John Wayne slept here

After leaving Kayenta yesterday morning, I headed north. I was initially planning to tour Monument Valley Navajo Tribal Park by myself, but I opted against pitting my rental car against the park's unpaved road. At the last moment, I stopped at Goulding's Lodge, which is in Utah just over the state line, and secured a slot on the afternoon tour.

Goulding's Lodge was established in 1921 by Harry and Leone "Mike" Goulding. It was initially a trading post that enabled the Navajo to exchange crops and goods that they produced for items that they needed and provided lodging to the travelers who sporadically visited the area. It is no longer owned by the family, and it has evolved into an international destination hotel, with an RV park and campground, gas station, and grocery store.

However, in the 1920's and 1930's, the lodge consisted of a modest two-story brick structure, which is now a museum chronicling the Gouldings' lives and work.

The upper floor of the building has been restored so that it looks much as it did when the Gouldings lived there. It's an incredibly homey, comfortable space; I can see why the Gouldings' friends and guests loved being there.
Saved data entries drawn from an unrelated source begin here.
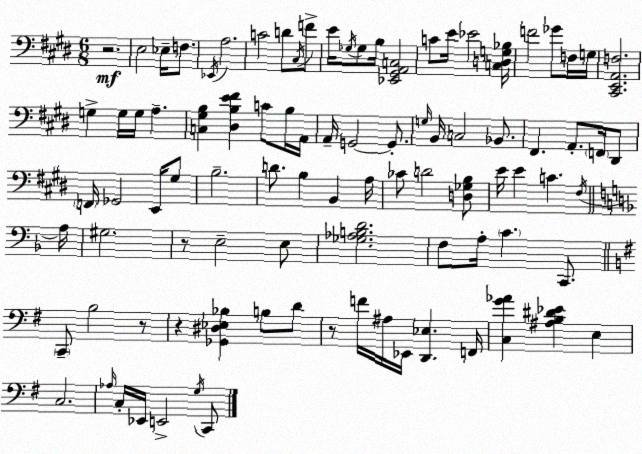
X:1
T:Untitled
M:6/8
L:1/4
K:E
z2 E,2 _E,/4 F,/2 _E,,/4 A,2 C2 D/2 ^C,/4 F/2 E/4 _G,/4 _G,/2 B,/4 [_E,,^G,,A,,C,]2 C/2 E/4 _E2 [C,D,G,_B,]/4 F2 _G/2 F,/4 G,/4 [^C,,E,,A,,F,]2 G, G,/4 G,/4 A, [C,^G,B,] [^D,B,E^F] C/2 B,/4 A,,/4 A,,/4 G,,2 G,,/2 G,/4 B,,/4 C,2 _B,,/2 ^F,, A,,/2 F,,/4 ^D,,/2 F,,/4 _G,,2 E,,/4 ^G,/2 B,2 D/2 B, B,, A,/4 _C/2 D2 [D,_G,B,]/2 E/4 E C ^F,/4 A,/4 ^G,2 z/2 E,2 E,/2 [_G,_A,B,D]2 F,/2 A,/4 C C,,/2 C,,/2 B,2 z/2 z [_G,,^D,_E,_B,] B,/2 D/2 z/2 F/4 ^A,/4 _E,,/4 [D,,_E,] F,,/4 [C,G_A] [^A,B,^D_E] E, C,2 _A,/4 C,/4 _E,,/4 E,,2 G,/4 C,,/2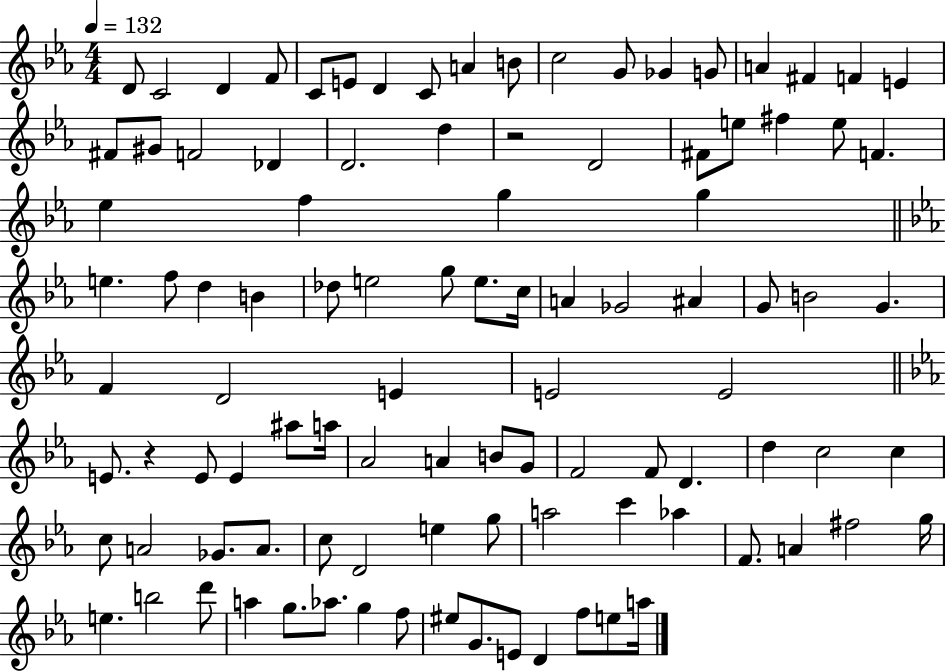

Much of the first floor is devoted to the Gouldings' place in film history. During the Great Depression, the Gouldings sought to aid their Navajo neighbors by luring Hollywood film productions to Monument Valley. They were particularly successful in capturing the attention of John Ford, who became a close friend and who used Monument Valley as the setting for many of his Westerns. Ford and his actors and crew stayed at Goulding's when on location in the area; Ford and the stars stayed in small rooms, and everyone else lived in tents.

John Wayne starred in many of Ford's films, and his presence looms large in the museum. One of the walls in the museum's Movie Room is devoted to Wayne himself, other portions of the exhibit concern individual films in which he starred, and She Wore a Yellow Ribbon plays continuously.

Wayne's presence is also manifest in "John Wayne's Cabin," a small building to the rear of the museum that served as the exterior set of Wayne's office in She Wore a Yellow Ribbon, which was the only film ever shot on the property.

Given that I'm mildly fixated upon The Searchers, which may well be the most unsettling exploration of America's racial and sexual obsessions ever placed on film and which led me to Monument Valley in the first place, I'm really glad I made it to Goulding's.